Commissioned: In the age of automation and generative AI (GenAI), it’s time to re-think what “datacenter” really means. For those who have become heavily invested in public cloud, the datacenter might not be the first place you think of when it comes to automation and GenAI, but these technologies are rapidly changing what is possible in all environments.
Ten or fifteen years ago, when businesses started bypassing IT by swiping credit cards and setting developers loose on cloud resources, the public cloud was absolutely the right move. In most large organizations, internal customers were often ignored, or their needs were not being fully met. They wanted flexibility, they craved scalability and they needed a low up-front cost to allow incubation projects to flourish.
If time stood still, perhaps the dire prognosticators of the datacenter’s end would have been right. I myself was quite the cloud evangelist before learning more about the other side of the fence. So why hasn’t this extinction-level event come to pass? Because the datacenter has adapted. Sure, there are “aaS” and subscription models now available on-premises; but the real stabilizing force has been automation.
Which brings us to the story of the day: GenAI and how it can augment automation in the datacenter to be an experience nearly on par with the public cloud. Before we get there though we need to look at the role automation and scripting have played in the datacenter. We’ll start by explaining some essentials, then we’ll unpack why automation and GenAI have changed what is possible on-premises.
Cloud operating model and infrastructure as code
Let’s start with the basics: the foundation of cloud was infrastructure as code and the idea of consuming IT as a Service. Your developers never had to talk to a storage admin, IT ops person, or the networking team to rapidly spin up an environment and get to work.
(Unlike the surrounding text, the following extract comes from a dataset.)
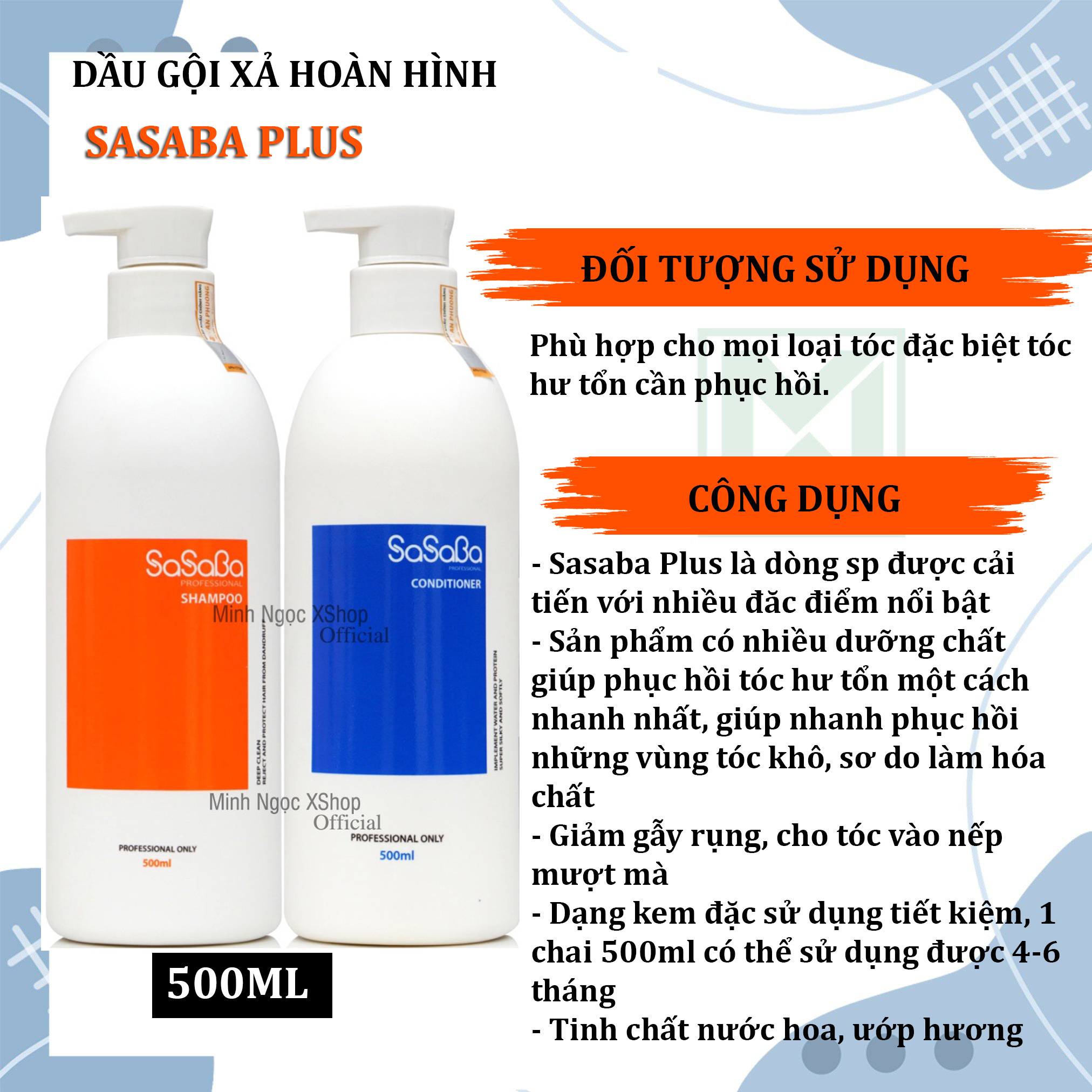DẦU GỘI HOÀN HÌNH SASABA PLUS 500ML CHÍNH HÃNG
This should be table stakes in 2023, and the good news it’s entirely possible to build it for yourself. Adopting this operational model means IT is leveraging policies and processes alongside automation to remove friction from the environment.
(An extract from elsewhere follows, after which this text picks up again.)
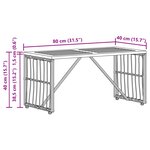 vidaXL Table de jardin Naturel 80 x 40 x 40 cm Acier et Rattan Poly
Visual representation of the end experience when you’ve automated a cloud operating model
Automation toolsets and telemetry data
Today there are many automation, management and telemetry/AIOps products available that provide unparalleled control and insights into datacenters. Data is the foundation AI and of managing a datacenter effectively. The control and visibility now in datacenters is often a superset of what can be achieved in the public cloud – although the hyperscalers have done a great job in that department as well. Given the cloud’s multitenant nature, cloud providers must obscure some of the operational knowledge to keep every customer secure. This results in architectural decisions that limit how some monitoring systems can be deployed and what data can be collected. One important are of focus is ensuring that you’re heavily integrating these solutions, embracing automation and infrastructure as code, measuring/monitoring everything and using a cohesive workflow for all your roles.
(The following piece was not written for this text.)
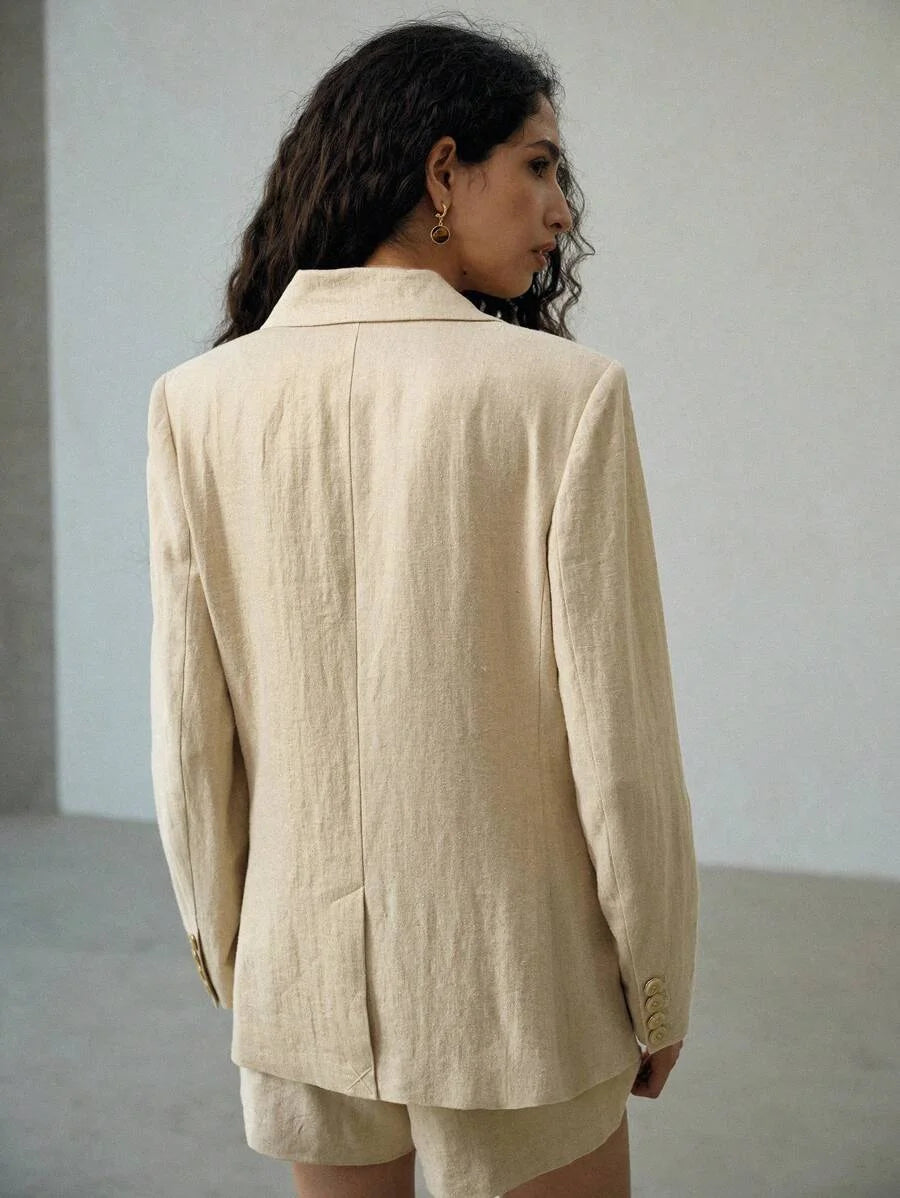 PREMIUM LINEN DOUBLE BREASTED BLAZER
Visual representation of a common automation/management stack
The next wave of IT automation with GenAI
This brings us to the next evolution of the datacenter incorporating GenAI. Let me share a fun story about a past role where the client made the marketing consultant build an HCI deployment hands-on lab for physical and virtual infrastructure, and then didn’t provide any subject matter experts to help. If it’s not clear, that marketing consultant was me, and it was probably one of the most challenging projects I’ve ever worked on. I used code snippets and YouTube tutorials to get to the foundation of how to do such a task. I spent weeks assembling the puzzle, figuring out how each puzzle piece fit together. By some miracle I actually managed to get it right, even though I didn’t know much about coding. Anyway, here’s wonderwall… I mean here’s GenAI doing that.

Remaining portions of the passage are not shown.